* **ACTIVITY**: Retype the line in which "市長與Dance flag舞團合影" appears, then every line after it until the records end. Leave out the pictures.

Short text fragments from websites
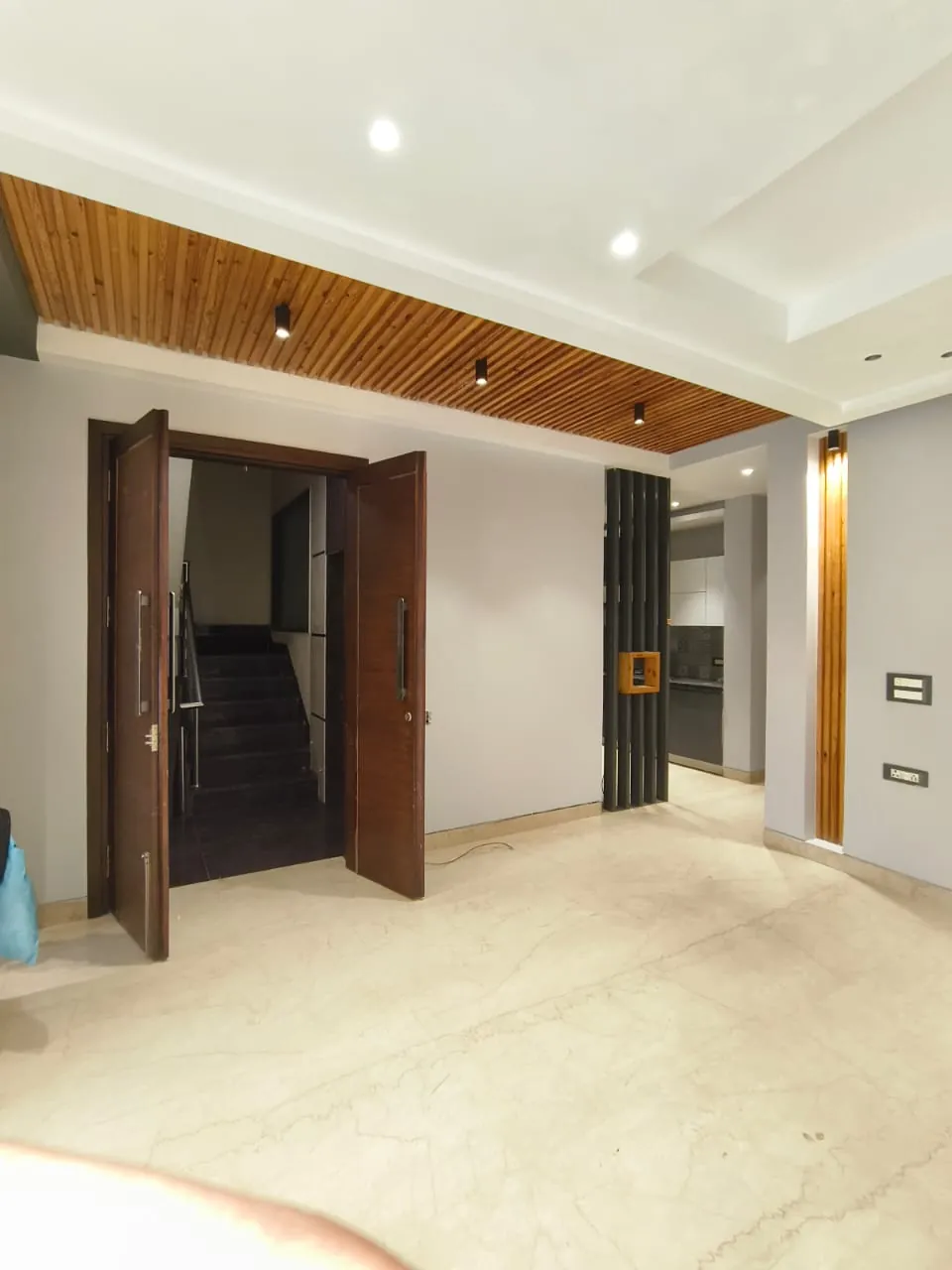 3 BHK Semi Furnished Independent Floor for rent in Kalkaji New New Delhi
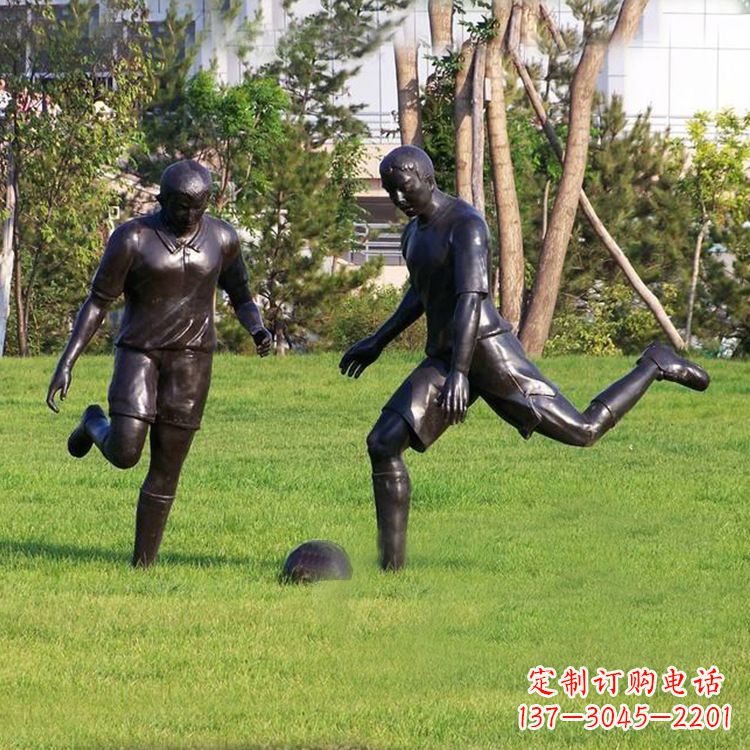 周口园林踢足球人物铜雕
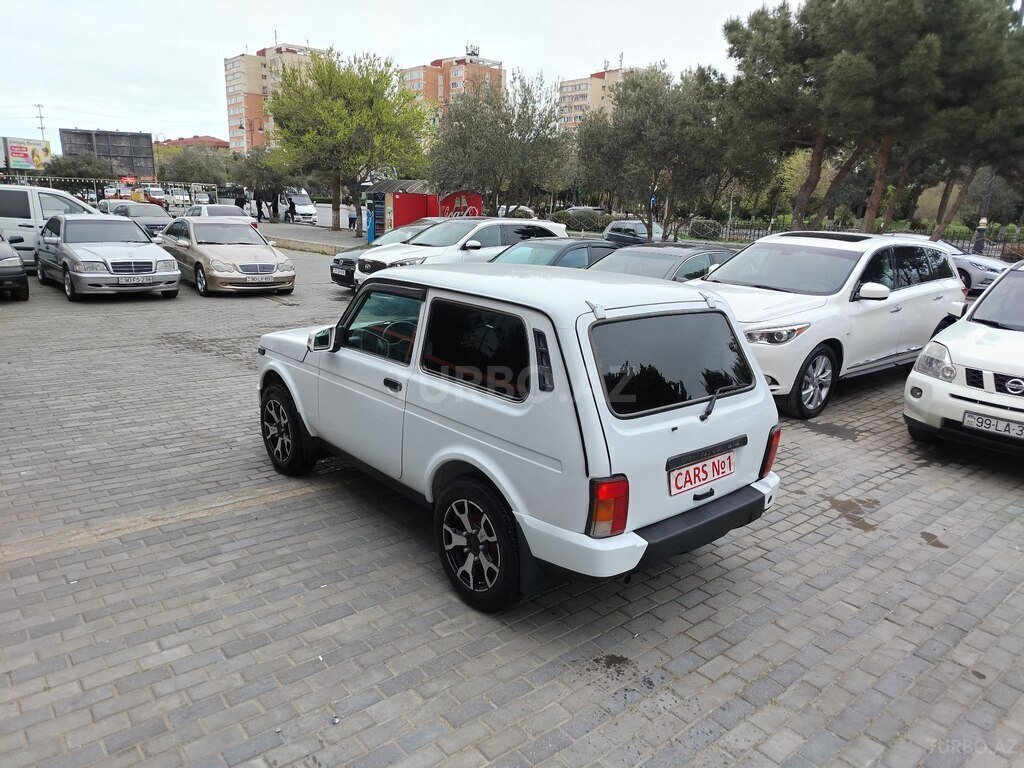 LADA (VAZ) Niva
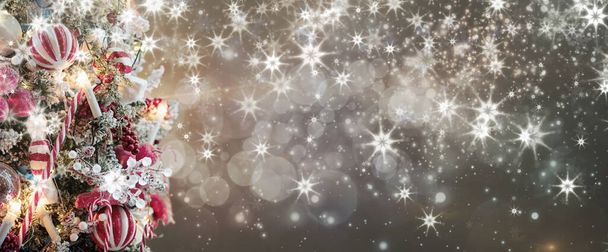 Árbol de Navidad y luces borrosas bokeh en el fondo beige. Tarjeta de felicitación de Año Nuevo con espacio para copiar. - Foto, imagen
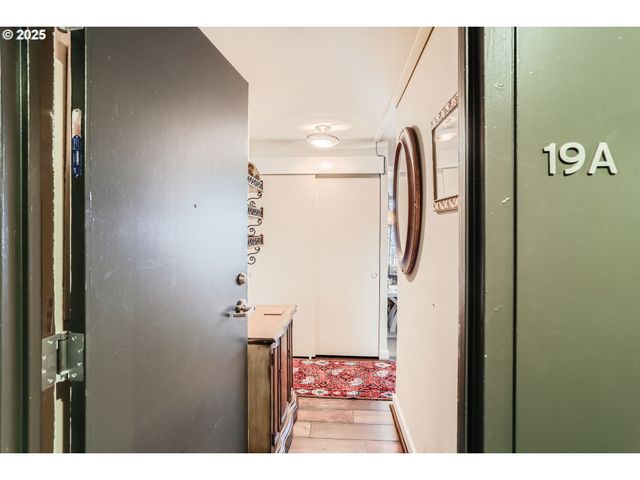 111 Sw HARRISON St 19A, Portland, OR 97201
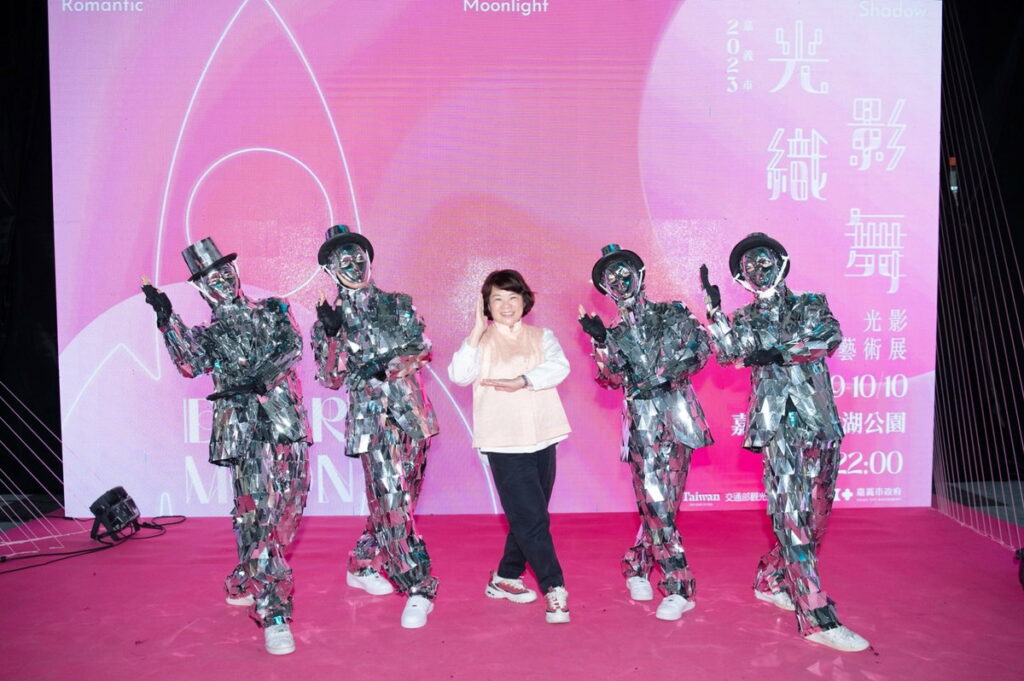 市長與Dance flag舞團合影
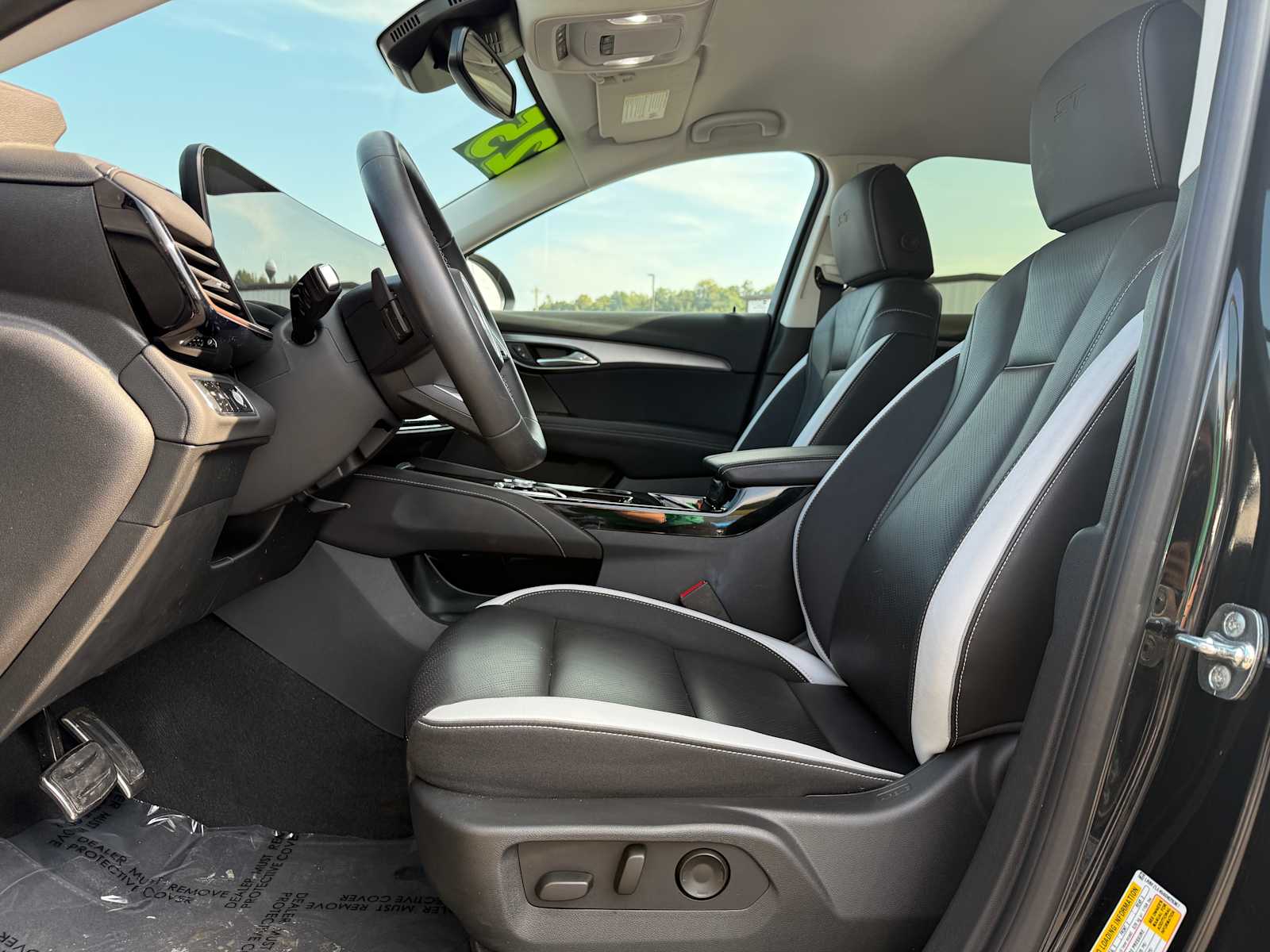 2025 Buick Envision Sport Touring photo 16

* **SOLUTION TO THIS EXERCISE**:
 市長與Dance flag舞團合影
 2025 Buick Envision Sport Touring photo 16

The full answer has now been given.